Mme [B] [R] épouse [F] produit, également, la déclaration de rechute de cet accident de travail, établie le 26 janvier 2010, le certificat médical de rechute, daté du même jour, constatant des «Dorsalgies d'origine traumatique» et prescrivant un arrêt de travail jusqu'au 9 février 2010 ainsi que les certificats médicaux de prolongation de cet arrêt pour accident de travail jusqu'au 6 décembre 2011 et la fiche d'inaptitude établie par le médecin du travail le 4 août 2011, mentionnant une visite après accident de travail.

La cour déduit de l'ensemble de ces éléments que l'employeur était, parfaitement, informé, dès le 26 janvier 2010, des démarches de la salariée en vue de la prise en charge de l'accident du 26 janvier 2010 au titre d'une rechute de l'accident de travail initial du 28 janvier 2008 et qu'en l'absence de reprise du travail par l'intéressée, il avait connaissance du fait que l'inaptitude de Mme [B] [R] épouse [F] avait, au moins, partiellement, pour origine l'accident de travail initial, étant observé que cette inaptitude avait été constatée dès le 4 août 2011 dans le cadre d'une simple visite médicale organisée par l'employeur alors même que la salariée n'avait pas repris le travail.

Il est donc établi que, lorsqu'elle a engagé la procédure de licenciement de Mme [B] [R] épouse [F], la Sas ENTREPRISE GUY CHALLANCIN connaissait l'existence d'un lien de causalité entre l'accident de travail initial survenu le 28 janvier 2008 et la rechute survenue le 26 janvier 2010, peu important que la salarié ait fait l'objet d'arrêts de travail pour maladie à compter du 6 décembre 2011, s'agissant d'arrêts de prolongation de la déclaration de rechute du 26 janvier 2010 et que les avis d'inaptitude de la médecine du travail émis les 5 et 25 juin 2012 ne mentionnent pas d'accident de travail.

Mme [B] [R] épouse [F] est donc fondée à se prévaloir des dispositions des articles L.1226-7 et suivants du code du travail, conformément à ce qu'ont retenu les premiers juges dont la décision sera confirmée sur ce point.

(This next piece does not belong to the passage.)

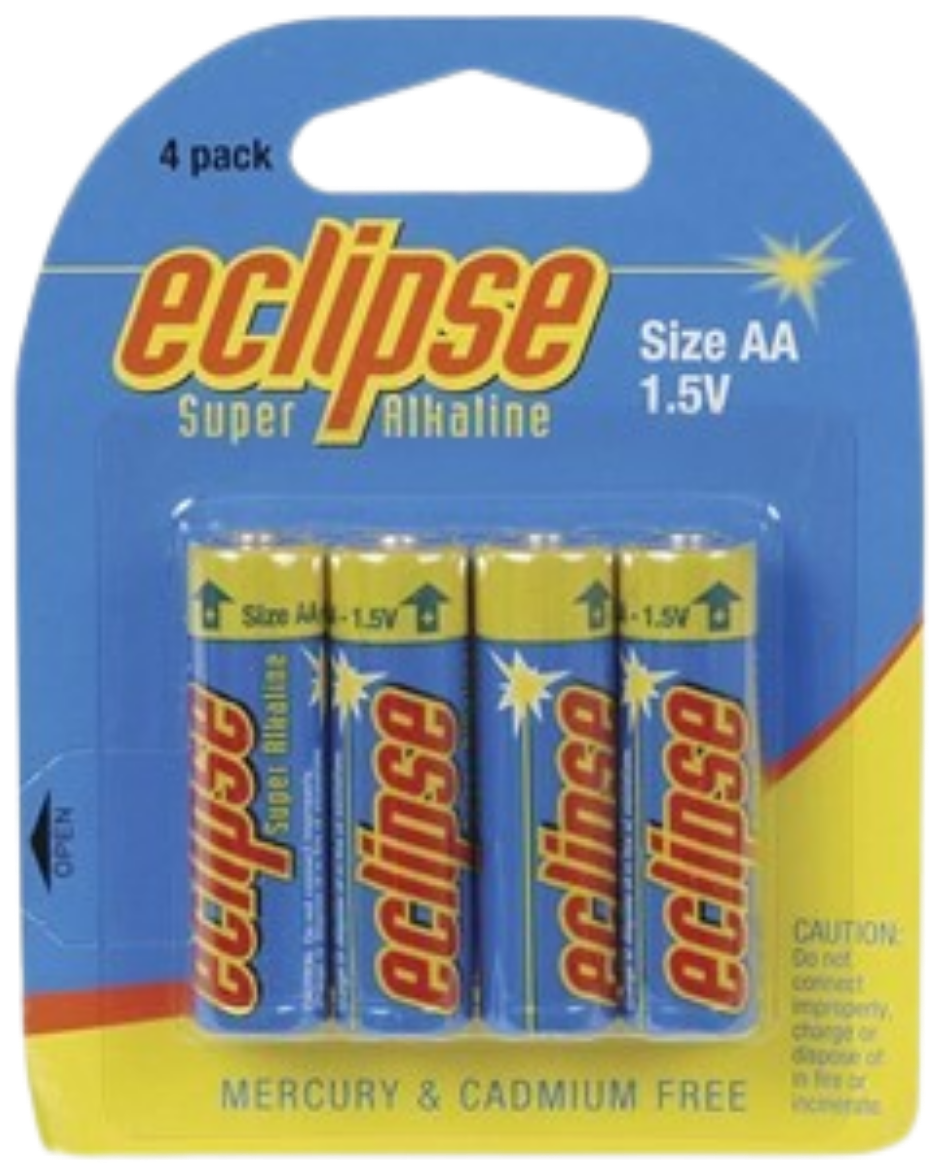Picture of Eclipse AA Alkaline Batteries - Pack Of 4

b) Sur la régularité de la procédure de licenciement

Mme [B] [R] épouse [F] reproche à la Sas ENTREPRISE GUY CHALLANCIN de s'être abstenue de consulter les délégués du personnel ce que conteste l'employeur qui verse aux débats un procès-verbal de réunion des délégués du personnel daté du 21 août 2012.

Aux termes de l'article L. 1226-10 du code du travail, « Lorsqu'à l'issue des périodes de suspension du contrat de travail consécutives à un accident du travail ou à une maladie professionnelle, le salarié est déclaré inapte par le médecin du travail à reprendre l'emploi qu'il occupait précédemment, l'employeur lui propose un autre emploi approprié à ses capacités.

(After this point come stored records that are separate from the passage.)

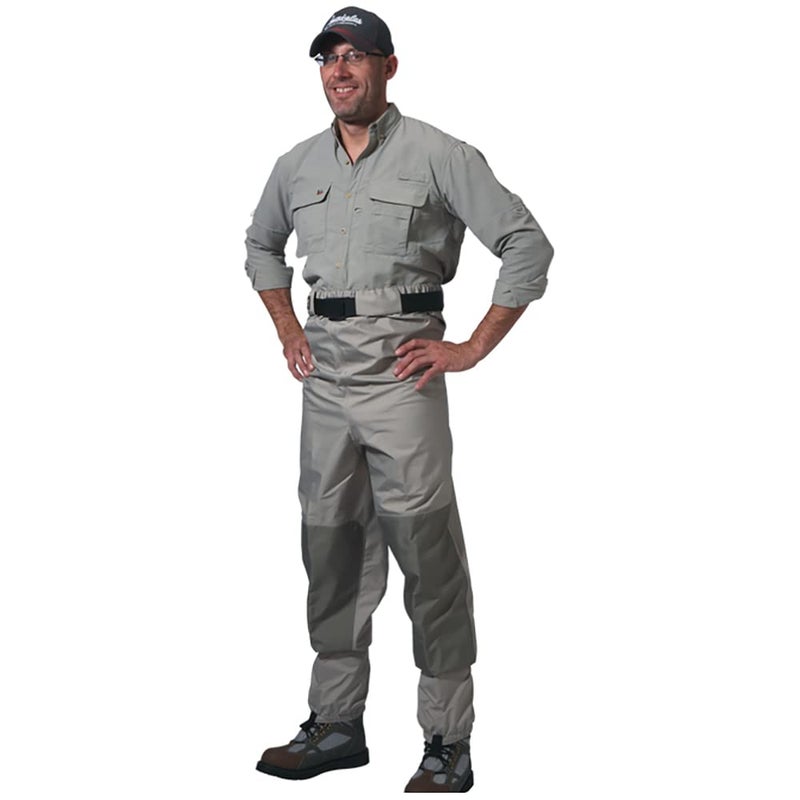Caddis Wading Systems Men's Attractive 2-Tone Taupe Deluxe Breathable Stocking Foot Waist-High Wader, X-Large (CA12909W-XL) - Image 2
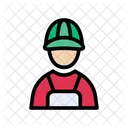 Plumber Worker Services Icon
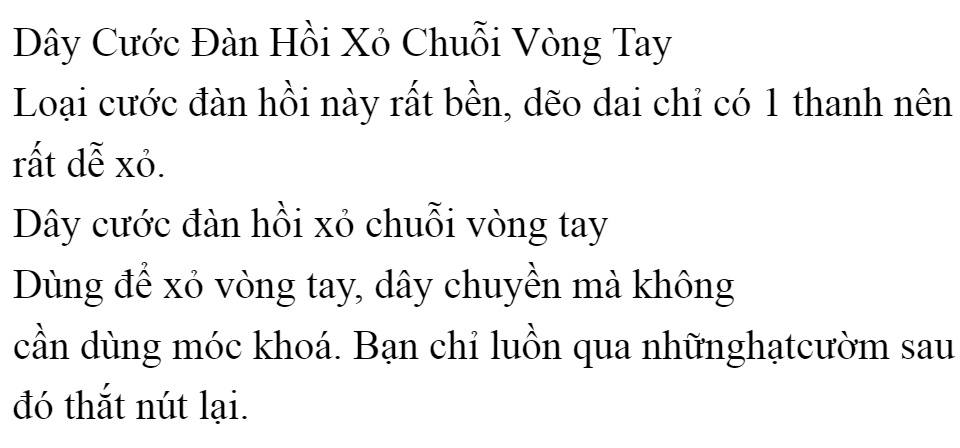Combo 4 hộp Dây xỏ chuỗi vòng tay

Cette proposition prend en compte, après avis des délégués du personnel, les conclusions écrites du médecin du travail et les indications qu'il formule sur l'aptitude du salarié à exercer l'une des tâches existant dans l'entreprise. Dans les entreprises d'au moins cinquante salariés, le médecin du travail formule également des indications sur l'aptitude du salarié à bénéficier d'une formation destinée à lui proposer un poste adapté.

L'emploi proposé est aussi comparable que possible à l'emploi précédemment occupé, au besoin par la mise en 'uvre de mesures telles que mutations, transformations de postes ou aménagement du temps de travail.»

En l'espèce, le compte rendu de la réunion des délégués du personnel, prévue le 21 août 2012, mentionne l'absence de tous les délégués du personnel, titulaires et suppléants, et la seule présence de Mme Vanessa Reculard pour la direction de l'entreprise, sans que ce document soit signé par cette dernière.

Par ailleurs, il n'est pas davantage justifié de l'envoi des convocations des délégués du personnel à cette réunion, les courriers ayant été rédigés par Mme Vanessa Reculard, sans autre précision ni signature, et n'ayant fait l'objet d'aucun émargement par les destinataires ou d'envoi en recommandé afin d'en assurer le suivi.

La cour déduit de l'ensemble de ces éléments que l'employeur ne démontre pas avec l'évidence nécessaire, avoir satisfait à son obligation de recueillir l'avis des délégués du personnel, préalablement à la mise en 'uvre de la procédure de licenciement de la salariée pour inaptitude, de sorte que ce manquement prive de cause réelle et sérieuse le licenciement pour inaptitude de Mme [B] [R] épouse [F], notifié le 10 septembre 2012, et entraîne par voie de conséquence la sanction civile édictée à l'article L.1226-15 du code du travail, conformément à ce qu'ont retenu les premiers juges dont la décision sera tout autant confirmée.

c) Sur l'obligation de reclassement mise à la charge de l'employeur

Mme [B] [R] épouse [F] reproche, également, à la Sas ENTREPRISE GUY CHALLANCIN de ne pas avoir satisfait à son obligation de recherche de reclassement d'un salarié inapte suite à un accident de travail, de n'avoir procédé à aucune recherche de reclassement et de ne pas lui avoir notifié par écrit les motifs d'opposant à son reclassement.

La Sas ENTREPRISE GUY CHLLANCIN rappelle que, dès le 10 août 2011, elle a convoqué la salariée à un entretien pour faire le point de ses compétences, qu'une formation lui a été proposée par lettre recommandée du 2 novembre 2011 qui a été refusée par l'intéressée le 8 novembre suivant, celle-ci refusant d'effectuer des tests et réitérant ce refus le 5 juillet 2012.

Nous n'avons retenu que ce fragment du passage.